J'ai été frappé par le bon sens d'
Emmanuel Todd, la cohérence de son propos tout au long des pages, et n'ai relevé que de très rares points où il a pu faire erreur (avec, reconnaissons-le, 25 ans d'avance puisque ce livre date de 1999). L'exemple étant le rachat de la dette publique par la monétisation, chose possible uniquement au niveau européen et non national (puisque le règlement de l'UE l'interdit). A l'inverse, la quasi-totalité de son analyse se révèle juste, un quart de siècle plus tard. E. Todd annonce la crise démocratique avec l'émergence les laissés pour compte de la mondialisation que sont les classes populaires d'abord et les classes intermédiaires ensuite. Il dénonce aussi « la pensée zéro », soit la soumission aux évènements plutôt que le choix de tracer son propre destin par des élites ‘parisiennes' qui représentent les 20% de la population la plus diplômée (mais dispose de 50% du capital et forme le plus gros des consommateurs).
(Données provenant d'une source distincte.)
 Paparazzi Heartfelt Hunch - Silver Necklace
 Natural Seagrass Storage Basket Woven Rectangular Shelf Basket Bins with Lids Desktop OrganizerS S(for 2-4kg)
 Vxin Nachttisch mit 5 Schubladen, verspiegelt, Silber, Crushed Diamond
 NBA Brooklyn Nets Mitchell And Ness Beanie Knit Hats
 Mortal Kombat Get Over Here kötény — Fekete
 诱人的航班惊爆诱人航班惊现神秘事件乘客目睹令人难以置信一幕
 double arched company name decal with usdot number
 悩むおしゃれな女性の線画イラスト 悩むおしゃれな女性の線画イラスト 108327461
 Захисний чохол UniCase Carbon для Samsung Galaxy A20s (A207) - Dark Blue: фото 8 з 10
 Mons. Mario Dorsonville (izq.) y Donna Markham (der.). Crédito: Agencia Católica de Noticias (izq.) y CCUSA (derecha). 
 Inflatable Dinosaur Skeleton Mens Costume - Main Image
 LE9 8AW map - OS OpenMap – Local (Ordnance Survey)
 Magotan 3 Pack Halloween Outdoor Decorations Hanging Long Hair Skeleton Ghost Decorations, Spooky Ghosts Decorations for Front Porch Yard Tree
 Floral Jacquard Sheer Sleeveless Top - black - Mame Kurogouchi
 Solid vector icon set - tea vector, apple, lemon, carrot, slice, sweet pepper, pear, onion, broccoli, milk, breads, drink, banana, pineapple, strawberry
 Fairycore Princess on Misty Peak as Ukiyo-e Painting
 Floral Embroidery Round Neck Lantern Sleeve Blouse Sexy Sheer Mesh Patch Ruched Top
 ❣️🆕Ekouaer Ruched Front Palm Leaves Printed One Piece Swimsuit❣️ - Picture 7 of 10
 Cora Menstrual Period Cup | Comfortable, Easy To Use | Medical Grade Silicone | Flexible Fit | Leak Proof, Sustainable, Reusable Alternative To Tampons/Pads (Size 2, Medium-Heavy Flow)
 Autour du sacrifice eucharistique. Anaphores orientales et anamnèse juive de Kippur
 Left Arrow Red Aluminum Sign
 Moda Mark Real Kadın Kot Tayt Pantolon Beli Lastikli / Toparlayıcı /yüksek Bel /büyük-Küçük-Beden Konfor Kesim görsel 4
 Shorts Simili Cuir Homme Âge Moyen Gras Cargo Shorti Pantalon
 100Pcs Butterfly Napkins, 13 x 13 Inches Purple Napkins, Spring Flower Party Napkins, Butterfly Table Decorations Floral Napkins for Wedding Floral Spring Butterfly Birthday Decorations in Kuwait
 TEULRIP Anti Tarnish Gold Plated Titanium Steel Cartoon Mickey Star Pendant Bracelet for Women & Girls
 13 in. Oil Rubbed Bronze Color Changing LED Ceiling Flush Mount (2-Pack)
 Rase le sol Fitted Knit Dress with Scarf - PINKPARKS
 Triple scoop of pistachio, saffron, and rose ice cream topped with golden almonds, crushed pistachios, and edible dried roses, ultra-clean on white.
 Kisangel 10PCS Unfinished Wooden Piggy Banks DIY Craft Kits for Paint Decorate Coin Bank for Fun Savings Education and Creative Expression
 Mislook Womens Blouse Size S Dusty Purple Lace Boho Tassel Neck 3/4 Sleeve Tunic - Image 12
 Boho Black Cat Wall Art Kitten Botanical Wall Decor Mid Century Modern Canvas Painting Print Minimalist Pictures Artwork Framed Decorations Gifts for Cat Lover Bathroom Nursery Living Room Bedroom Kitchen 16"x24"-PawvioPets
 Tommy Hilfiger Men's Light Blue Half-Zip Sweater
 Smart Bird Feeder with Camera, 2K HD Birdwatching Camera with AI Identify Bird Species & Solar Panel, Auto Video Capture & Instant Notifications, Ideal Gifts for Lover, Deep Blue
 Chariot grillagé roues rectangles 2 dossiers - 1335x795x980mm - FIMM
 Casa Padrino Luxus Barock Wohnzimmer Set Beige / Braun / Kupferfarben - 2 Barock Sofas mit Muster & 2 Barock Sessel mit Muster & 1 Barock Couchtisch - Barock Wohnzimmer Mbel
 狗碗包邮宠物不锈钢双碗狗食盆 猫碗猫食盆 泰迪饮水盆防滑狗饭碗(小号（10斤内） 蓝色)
Ce livre est tellement dense qu'il est difficile d'en faire un résumé en quelques lignes, mais l'on peut retenir que la pensée de l'auteur s'affranchit de la pensée unique à propos du destin de l'Europe et surtout de la France. A part quelques règlements de compte avec les BHL,
Alain Minc et autres incarnations du zéro de la pensée (avis que je partage).Son ton demeure objectif, pour qui, comme moi, constate que la mondialisation a placé l'homme au service de l'économie que si le capitalisme a permis une progression jamais vue dans l'amélioration des conditions de vie des populations qui s'y sont converties, les dérives récentes nous mènent tous à la catastrophe.
Cet ouvrage est absolument recommandé pour qui souhaite avoir une vision alternative et pertinente, argumentée, de la mondialisation et de la nécessité du retour de la Nation pour combattre ses excès.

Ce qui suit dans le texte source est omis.